The 1st National Bank was a plus for us all. The boss told us that he had bid the job at bare cost just to keep us working. We really appreciated that, and we were determined to make it come out ahead. We were going to work extra hard.
When the light fixtures came in, which he had ordered, he assisted us in stacking them in an empty room. When he looked at the invoice that had come with the fixtures he said; “Oh! This is great! They threw the light bulbs in free. That gives us about $400.00 profit on the job.”
When we finished and all the numbers had been run, he told us he had come out with about a 10% profit. Everyone felt good about that. I don’t know how the other contractors did, but I do know there were some surprises on the job.
In the banks I have worked on there are two vaults. One is a cash vault and one is a paper vault. Each vault has about 18” thick concrete walls enclosing them. They are outfitted with breathing tubes so that if someone gets accidently locked in the vault they won’t suffocate.

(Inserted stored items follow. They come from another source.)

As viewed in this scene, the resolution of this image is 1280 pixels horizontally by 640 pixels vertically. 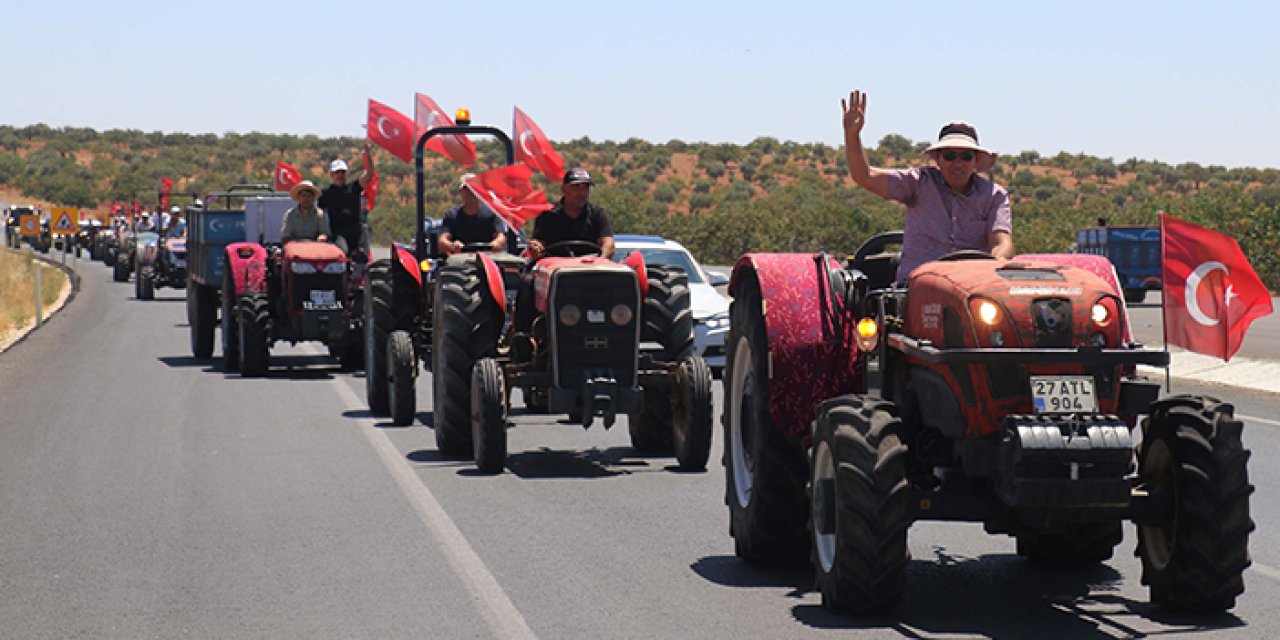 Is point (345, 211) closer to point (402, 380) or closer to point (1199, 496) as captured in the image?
point (402, 380)

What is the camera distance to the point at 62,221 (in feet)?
164

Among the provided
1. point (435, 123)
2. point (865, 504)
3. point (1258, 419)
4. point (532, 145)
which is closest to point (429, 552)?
point (865, 504)

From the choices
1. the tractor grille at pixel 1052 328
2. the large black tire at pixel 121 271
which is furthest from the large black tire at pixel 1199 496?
the large black tire at pixel 121 271

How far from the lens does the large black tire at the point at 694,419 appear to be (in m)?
13.1

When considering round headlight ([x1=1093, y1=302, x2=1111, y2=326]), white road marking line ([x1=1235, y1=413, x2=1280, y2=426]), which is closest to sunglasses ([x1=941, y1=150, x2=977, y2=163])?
round headlight ([x1=1093, y1=302, x2=1111, y2=326])

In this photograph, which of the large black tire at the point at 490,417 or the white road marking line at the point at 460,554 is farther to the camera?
the large black tire at the point at 490,417

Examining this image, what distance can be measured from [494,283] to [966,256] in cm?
594

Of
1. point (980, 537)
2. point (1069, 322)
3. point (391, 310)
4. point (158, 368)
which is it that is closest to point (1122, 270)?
point (158, 368)

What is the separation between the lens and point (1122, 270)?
Answer: 134 feet

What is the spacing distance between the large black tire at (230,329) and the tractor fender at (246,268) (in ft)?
0.21

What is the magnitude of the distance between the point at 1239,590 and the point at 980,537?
2649mm

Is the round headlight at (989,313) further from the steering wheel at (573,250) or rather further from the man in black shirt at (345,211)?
the man in black shirt at (345,211)

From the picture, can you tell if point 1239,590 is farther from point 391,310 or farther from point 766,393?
point 391,310

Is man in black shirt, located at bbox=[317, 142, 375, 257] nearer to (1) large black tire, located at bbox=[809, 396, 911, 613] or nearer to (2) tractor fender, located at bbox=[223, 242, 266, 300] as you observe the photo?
(2) tractor fender, located at bbox=[223, 242, 266, 300] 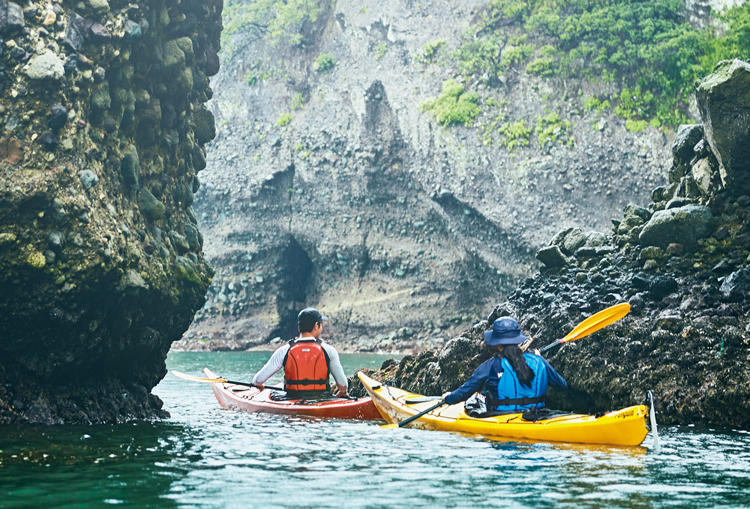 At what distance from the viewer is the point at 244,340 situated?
4222 centimetres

These tubes are placed on an upward angle out of the vault so that someone inside cannot toss items out the tube to someone else outside.
In this bank the two vaults had been placed side by side for many years. There was a partition wall between the two vaults, and the store located in the same building. The store had moved and the bank was taking over its space. The decision to expand the bank also included a renovation on the vaults. The two existing vaults were to be combined into one, and a new vault installed a distance away in the new portion of the bank.
The plan was to pour concrete to fill in the existing vault doors and cut a new door on the side of the vault that had abutted the partition wall. Two men were going to jack hammer the opening in the vault for the new door. The job was going to take two men and a rope suspension for the jack hammer to get the new opening in the vault wall. It was, after all, an 18” thick wall, the jack hammer was heavy, and the door was going to exceed six feet in height.
When the two men started the jack hammer it practically fell through the wall. When they showed the bank president, he got as pale as a sheet. The wall had been constructed out of clay tile, not 18” thick concrete. It had been that way since the bank had been built. Anyone could have hid in the adjoining store over night and broke into the vault with an ordinary home owner’s claw hammer.
Making the door and taking out the partition was not a big problem. However a whole new 18” thick concrete wall had to be built.
If you attempt to break into a bank vault, make sure it is very, very old and has been built by a contractor that cuts corners.